What this task involves | Among the entries below, find the line with "CHEVROLET Celta 1.0", then quote it and each following line up to and including the line with "Camengo Herringbone – Écru – 14830155", and nothing else.

Extracted records
_ _ _ _ _ _ _

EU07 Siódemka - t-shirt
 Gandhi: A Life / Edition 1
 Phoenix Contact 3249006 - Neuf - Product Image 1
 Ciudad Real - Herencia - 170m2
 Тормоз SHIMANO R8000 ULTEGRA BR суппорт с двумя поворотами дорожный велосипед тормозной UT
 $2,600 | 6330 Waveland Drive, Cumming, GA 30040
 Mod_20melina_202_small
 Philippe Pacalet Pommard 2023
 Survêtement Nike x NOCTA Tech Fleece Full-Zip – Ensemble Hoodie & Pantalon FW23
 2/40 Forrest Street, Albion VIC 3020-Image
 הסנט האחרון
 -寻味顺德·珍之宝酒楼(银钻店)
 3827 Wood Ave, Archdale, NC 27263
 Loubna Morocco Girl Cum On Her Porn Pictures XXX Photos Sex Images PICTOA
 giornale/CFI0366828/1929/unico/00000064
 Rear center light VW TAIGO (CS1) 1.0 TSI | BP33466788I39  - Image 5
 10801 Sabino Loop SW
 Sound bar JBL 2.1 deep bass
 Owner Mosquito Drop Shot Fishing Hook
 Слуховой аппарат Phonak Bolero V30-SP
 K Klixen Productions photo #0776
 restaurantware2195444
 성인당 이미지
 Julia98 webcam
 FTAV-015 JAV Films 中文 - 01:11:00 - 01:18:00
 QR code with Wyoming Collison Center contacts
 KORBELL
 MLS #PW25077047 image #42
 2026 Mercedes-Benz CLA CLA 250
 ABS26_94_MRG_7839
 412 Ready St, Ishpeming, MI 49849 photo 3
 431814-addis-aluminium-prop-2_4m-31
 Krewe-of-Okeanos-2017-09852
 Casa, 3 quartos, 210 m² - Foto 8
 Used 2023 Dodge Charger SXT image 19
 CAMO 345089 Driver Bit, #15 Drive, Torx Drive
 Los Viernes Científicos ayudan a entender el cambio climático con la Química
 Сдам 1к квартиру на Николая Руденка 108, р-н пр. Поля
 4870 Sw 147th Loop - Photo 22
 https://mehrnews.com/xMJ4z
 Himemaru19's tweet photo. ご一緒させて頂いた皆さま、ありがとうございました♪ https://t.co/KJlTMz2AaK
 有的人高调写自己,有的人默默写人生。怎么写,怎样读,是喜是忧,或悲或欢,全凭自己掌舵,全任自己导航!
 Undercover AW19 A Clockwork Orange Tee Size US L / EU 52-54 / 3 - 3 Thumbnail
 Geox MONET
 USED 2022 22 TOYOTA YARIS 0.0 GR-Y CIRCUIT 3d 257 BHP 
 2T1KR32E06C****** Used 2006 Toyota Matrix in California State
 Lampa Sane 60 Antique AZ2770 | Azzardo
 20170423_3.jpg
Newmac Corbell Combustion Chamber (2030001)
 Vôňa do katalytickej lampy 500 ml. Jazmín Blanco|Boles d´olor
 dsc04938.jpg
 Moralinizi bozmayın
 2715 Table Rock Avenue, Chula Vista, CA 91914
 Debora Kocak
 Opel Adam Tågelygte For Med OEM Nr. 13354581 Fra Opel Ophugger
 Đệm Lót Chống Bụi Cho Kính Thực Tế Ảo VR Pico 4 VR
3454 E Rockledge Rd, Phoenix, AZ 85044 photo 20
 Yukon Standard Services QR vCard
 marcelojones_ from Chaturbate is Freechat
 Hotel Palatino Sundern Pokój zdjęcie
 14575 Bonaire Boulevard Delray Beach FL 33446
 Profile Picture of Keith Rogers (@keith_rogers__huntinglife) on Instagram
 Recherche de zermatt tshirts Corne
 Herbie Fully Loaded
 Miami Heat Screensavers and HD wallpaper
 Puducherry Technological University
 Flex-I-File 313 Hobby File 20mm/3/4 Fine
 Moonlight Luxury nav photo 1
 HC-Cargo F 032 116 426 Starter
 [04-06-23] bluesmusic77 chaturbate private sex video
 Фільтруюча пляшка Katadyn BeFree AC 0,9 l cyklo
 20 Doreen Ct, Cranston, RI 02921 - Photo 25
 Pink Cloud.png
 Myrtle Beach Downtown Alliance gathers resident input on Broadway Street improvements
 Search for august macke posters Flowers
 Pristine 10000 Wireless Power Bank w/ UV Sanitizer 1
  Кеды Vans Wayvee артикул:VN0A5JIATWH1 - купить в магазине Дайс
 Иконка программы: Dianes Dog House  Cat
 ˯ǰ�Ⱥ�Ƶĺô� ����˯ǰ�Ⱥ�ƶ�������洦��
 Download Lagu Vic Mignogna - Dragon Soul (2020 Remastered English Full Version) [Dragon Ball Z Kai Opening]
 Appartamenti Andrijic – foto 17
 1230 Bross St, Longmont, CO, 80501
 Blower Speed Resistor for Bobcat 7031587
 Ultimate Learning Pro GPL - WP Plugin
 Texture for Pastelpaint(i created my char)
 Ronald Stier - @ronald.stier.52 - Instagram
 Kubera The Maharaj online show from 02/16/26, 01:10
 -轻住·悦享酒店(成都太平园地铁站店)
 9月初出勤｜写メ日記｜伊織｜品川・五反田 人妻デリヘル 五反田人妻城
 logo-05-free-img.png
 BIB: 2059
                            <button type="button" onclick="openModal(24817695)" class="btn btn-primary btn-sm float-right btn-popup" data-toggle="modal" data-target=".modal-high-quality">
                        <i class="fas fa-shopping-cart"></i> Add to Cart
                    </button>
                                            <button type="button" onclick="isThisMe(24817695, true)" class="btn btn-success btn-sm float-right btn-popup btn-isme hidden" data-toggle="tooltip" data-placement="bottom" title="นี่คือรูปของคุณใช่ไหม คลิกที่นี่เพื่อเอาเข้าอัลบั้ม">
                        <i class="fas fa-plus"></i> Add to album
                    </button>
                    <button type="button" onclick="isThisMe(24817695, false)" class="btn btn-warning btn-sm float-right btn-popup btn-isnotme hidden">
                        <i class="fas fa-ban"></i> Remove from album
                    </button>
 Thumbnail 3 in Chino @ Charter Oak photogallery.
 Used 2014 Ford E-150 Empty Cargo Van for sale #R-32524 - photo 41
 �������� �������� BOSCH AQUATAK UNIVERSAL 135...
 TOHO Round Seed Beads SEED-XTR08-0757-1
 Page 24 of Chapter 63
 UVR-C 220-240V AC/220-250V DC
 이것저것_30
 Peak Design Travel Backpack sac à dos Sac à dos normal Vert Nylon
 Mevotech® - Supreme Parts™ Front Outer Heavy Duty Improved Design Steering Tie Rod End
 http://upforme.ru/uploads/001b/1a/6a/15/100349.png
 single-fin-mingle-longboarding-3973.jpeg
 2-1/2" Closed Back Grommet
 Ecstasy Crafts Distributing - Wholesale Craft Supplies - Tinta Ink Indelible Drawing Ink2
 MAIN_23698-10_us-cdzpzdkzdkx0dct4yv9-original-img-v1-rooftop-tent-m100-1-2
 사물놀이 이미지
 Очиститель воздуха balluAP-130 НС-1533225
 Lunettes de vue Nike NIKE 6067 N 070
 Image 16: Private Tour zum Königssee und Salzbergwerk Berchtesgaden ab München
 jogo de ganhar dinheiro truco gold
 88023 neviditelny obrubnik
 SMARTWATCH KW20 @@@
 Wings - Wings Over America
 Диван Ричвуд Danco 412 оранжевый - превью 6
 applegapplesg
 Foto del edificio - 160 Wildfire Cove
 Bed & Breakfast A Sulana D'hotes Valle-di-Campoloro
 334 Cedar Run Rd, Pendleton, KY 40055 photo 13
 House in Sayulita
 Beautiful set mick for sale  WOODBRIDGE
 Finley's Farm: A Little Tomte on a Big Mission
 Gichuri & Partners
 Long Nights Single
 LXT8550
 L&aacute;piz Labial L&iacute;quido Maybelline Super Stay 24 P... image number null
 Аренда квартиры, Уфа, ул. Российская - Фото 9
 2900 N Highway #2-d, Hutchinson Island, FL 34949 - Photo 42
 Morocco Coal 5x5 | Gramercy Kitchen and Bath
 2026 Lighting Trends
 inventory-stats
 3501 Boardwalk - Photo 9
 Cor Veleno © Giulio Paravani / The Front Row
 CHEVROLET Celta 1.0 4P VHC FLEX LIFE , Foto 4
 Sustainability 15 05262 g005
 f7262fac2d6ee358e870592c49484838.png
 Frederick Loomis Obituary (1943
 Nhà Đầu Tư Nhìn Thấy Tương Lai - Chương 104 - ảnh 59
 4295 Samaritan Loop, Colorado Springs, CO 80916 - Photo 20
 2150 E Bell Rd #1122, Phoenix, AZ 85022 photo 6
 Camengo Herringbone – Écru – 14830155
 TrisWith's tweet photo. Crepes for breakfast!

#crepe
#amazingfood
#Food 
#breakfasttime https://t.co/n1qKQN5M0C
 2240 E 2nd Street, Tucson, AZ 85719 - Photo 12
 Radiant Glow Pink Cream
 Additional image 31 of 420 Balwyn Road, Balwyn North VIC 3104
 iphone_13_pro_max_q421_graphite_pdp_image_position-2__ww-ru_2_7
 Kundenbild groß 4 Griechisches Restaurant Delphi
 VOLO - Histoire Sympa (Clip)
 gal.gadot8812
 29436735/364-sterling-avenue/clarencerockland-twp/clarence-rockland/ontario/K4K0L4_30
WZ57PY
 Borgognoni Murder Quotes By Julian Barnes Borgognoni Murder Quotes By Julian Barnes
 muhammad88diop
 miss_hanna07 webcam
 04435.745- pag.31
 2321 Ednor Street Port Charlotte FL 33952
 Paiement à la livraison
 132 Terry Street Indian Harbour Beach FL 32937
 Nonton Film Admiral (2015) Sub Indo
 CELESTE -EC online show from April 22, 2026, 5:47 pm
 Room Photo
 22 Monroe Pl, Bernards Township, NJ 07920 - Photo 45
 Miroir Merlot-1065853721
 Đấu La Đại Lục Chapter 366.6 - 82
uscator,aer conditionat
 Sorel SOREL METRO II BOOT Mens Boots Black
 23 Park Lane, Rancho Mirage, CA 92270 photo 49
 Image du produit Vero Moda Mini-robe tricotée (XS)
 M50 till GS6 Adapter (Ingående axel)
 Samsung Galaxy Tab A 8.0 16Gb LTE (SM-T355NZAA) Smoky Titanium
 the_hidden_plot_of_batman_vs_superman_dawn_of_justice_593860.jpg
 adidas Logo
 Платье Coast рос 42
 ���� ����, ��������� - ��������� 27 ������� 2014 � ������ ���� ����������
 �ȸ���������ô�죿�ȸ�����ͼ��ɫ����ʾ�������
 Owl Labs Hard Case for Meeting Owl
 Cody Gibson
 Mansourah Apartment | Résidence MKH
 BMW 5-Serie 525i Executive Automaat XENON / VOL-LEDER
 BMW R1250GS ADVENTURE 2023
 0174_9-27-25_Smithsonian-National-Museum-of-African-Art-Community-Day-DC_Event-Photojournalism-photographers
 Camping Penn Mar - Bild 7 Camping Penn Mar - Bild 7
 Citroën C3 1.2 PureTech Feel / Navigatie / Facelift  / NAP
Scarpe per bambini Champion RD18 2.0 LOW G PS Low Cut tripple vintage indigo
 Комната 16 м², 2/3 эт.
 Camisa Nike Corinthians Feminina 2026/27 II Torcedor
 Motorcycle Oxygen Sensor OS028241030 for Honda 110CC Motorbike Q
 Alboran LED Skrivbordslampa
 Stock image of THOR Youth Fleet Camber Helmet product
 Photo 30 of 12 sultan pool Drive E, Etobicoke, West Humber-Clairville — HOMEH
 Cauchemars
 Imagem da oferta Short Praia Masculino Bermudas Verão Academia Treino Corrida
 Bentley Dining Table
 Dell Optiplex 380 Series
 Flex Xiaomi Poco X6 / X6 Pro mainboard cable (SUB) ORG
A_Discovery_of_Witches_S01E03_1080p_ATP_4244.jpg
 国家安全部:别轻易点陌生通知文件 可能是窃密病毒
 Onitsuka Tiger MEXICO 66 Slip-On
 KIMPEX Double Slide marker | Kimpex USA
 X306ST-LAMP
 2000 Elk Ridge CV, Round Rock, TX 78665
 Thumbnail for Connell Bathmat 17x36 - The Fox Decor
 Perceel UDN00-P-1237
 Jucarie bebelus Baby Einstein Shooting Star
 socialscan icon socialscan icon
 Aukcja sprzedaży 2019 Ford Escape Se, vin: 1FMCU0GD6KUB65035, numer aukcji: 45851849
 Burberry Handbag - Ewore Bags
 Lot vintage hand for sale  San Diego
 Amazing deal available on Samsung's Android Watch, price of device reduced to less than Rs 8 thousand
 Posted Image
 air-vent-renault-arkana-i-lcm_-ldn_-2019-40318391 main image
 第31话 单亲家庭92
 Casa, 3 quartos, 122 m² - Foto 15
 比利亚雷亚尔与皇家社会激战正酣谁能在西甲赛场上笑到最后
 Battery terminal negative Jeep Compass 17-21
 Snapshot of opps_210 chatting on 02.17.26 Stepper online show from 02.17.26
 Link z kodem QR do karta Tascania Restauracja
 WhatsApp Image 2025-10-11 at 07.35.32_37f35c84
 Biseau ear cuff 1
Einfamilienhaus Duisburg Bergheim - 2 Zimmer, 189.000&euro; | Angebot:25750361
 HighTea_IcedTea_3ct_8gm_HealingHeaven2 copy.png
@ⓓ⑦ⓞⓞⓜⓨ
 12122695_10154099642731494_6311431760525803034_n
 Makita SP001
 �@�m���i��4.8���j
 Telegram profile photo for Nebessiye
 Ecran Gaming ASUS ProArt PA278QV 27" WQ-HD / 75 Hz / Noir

_ _ _ _ _ _ _

Solution to this task |
 CHEVROLET Celta 1.0 4P VHC FLEX LIFE , Foto 4
 Sustainability 15 05262 g005
 f7262fac2d6ee358e870592c49484838.png
 Frederick Loomis Obituary (1943
 Nhà Đầu Tư Nhìn Thấy Tương Lai - Chương 104 - ảnh 59
 4295 Samaritan Loop, Colorado Springs, CO 80916 - Photo 20
 2150 E Bell Rd #1122, Phoenix, AZ 85022 photo 6
 Camengo Herringbone – Écru – 14830155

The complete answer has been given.